A poster published by Germany's Federal Office of Criminal Investigation shows Eric Breininger
A poster published by Germany's Federal Office of Criminal Investigation shows Eric BreiningerImage: picture-alliance /dpa

According to various reports in the German media, Breininger's parents divorced when he was an adolescent, and he reportedly started using hashish and alcohol at a relatively early age. He was prone to getting into fights and had trouble with the police.

In late 2006, Breininger got a job for a package-delivery company, where he met a Pakistani who got him interested in radical Islam. A short time later, he also became friends with a radical Islamic convert named Daniel Schneider.

Breininger began calling himself Abdul Ghaffar el Almani, avoiding his old friends and burning his CDs. He swore off drugs and alcohol. He married in a mosque, and his wife Eva P. wore a veil. The marriage was short-lived.

"He wanted me to clean and cook and said he was looking for another woman," Eva P. later said in a television interview.

In June 2007, Breininger sold off most of his belongings on ebay, saying he wanted to go abroad and learn Arabic, and moved in with Schneider.

In September, Schneider, who had relocated to the Western German region of Sauerland, was arrested along with two other suspected Islamists for allegedly trying to make car bombs and planning attacks on US targets in Germany. Breininger disappeared before police could detain him.

Police suspect Breininger has since received training in a terrorist camp, possibly in Pakistan. Both German and American military forces in Afghanistan are reported to have distributed pictures of him, warning that he is a potential suicide attacker.

How big a danger?

The Breininger case raises the question of how great a threat German converts to Islam pose.

Deutschland Terror Festnahme
Police arrested a suspected member of the so-called "Sauerland terror group" last yearImage: AP

"Converts can be more easily radicalized," Kai Hirschmann of Germany's Institute for Terrorism Research and Study told a Internet news site around the time of Scheider's arrest.

"As 'novices' they try to be more religious than even the religious leaders," Hirschmann added. "That often makes them especially fanatical and also especially dangerous."

Other experts, however, disagree with that assessment.

"You can't say that conversion to Islam carries an explicit tendency toward becoming a radical," Stefan Reichmuth, professor of Islamic Studies at the University of Bochum told DW-WORLD.DE.

Estimates of the number of German converts to Islam range between 15,000 and 80,000. But Germany's Muslim league says that, of them, only about 25 fit the description of being radical or dangerously fanatic.
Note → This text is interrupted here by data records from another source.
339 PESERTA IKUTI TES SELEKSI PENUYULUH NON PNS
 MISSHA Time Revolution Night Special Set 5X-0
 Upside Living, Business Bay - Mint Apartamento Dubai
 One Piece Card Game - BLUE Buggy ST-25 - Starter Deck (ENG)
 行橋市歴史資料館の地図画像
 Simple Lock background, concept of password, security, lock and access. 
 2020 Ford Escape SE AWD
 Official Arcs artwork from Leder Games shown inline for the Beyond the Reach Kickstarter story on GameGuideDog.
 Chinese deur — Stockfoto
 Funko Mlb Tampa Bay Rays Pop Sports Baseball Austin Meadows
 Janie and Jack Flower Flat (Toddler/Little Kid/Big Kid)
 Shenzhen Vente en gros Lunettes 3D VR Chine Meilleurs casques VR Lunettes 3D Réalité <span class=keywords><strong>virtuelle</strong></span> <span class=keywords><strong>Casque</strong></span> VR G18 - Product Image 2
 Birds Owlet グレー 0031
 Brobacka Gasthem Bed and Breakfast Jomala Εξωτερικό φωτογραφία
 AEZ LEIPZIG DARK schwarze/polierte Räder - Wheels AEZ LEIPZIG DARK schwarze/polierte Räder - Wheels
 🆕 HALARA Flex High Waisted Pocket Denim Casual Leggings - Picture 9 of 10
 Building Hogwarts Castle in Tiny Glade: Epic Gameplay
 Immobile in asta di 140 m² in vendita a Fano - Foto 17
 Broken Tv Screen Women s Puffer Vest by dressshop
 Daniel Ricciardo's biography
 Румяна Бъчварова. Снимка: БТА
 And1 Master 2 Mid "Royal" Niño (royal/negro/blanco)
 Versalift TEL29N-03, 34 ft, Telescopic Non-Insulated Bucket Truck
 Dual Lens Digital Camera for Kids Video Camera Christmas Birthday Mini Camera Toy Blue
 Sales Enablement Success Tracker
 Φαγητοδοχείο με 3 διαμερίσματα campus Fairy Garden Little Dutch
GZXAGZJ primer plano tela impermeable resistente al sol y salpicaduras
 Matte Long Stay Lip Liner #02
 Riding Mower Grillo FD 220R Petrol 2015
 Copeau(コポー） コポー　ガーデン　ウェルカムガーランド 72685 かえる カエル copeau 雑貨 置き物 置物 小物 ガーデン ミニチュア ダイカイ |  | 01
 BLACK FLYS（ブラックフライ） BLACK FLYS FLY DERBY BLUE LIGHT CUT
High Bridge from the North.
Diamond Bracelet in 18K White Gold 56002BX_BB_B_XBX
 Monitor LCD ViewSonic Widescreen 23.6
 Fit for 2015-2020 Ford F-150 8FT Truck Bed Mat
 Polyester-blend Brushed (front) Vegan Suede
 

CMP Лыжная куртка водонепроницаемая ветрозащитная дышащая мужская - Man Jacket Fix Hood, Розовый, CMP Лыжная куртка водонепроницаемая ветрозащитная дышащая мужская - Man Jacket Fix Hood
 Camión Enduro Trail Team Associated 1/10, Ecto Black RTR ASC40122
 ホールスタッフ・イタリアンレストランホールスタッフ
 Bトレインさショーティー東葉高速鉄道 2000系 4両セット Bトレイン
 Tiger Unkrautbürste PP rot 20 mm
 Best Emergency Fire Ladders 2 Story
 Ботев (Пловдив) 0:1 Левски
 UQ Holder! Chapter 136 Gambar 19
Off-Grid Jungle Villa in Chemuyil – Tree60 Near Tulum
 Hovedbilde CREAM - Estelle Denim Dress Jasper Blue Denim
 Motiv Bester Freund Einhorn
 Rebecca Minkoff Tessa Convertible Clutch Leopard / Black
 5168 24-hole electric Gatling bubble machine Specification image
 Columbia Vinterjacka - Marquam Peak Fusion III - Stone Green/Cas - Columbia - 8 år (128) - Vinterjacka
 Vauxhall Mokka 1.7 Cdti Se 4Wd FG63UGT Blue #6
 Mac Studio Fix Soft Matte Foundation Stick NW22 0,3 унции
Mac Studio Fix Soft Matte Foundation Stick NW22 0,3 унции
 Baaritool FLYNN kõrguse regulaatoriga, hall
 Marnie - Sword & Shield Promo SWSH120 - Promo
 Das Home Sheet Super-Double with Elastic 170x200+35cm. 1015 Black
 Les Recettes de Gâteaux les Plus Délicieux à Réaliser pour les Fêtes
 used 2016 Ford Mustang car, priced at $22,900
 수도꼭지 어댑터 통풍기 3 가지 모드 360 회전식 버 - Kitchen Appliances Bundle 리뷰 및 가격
Germany, which opposed the 2003 US-led invasion of Iraq and has more than 3,000 troops in Afghanistan under NATO command, has tightened security and surveillance in response to the threat of attacks by Islamic extremists.

The closest Germany came to an attack was in July 2006 when suitcases containing homemade bombs were placed on two regional trains passing through Cologne's busy main train station. They failed to detonate.

The September 11, 2001 attacks on the United States were planned by an al-Qaeda cell in the northern German city of Hamburg led by Mohammed Atta, one of the hijackers of the planes involved in the attacks.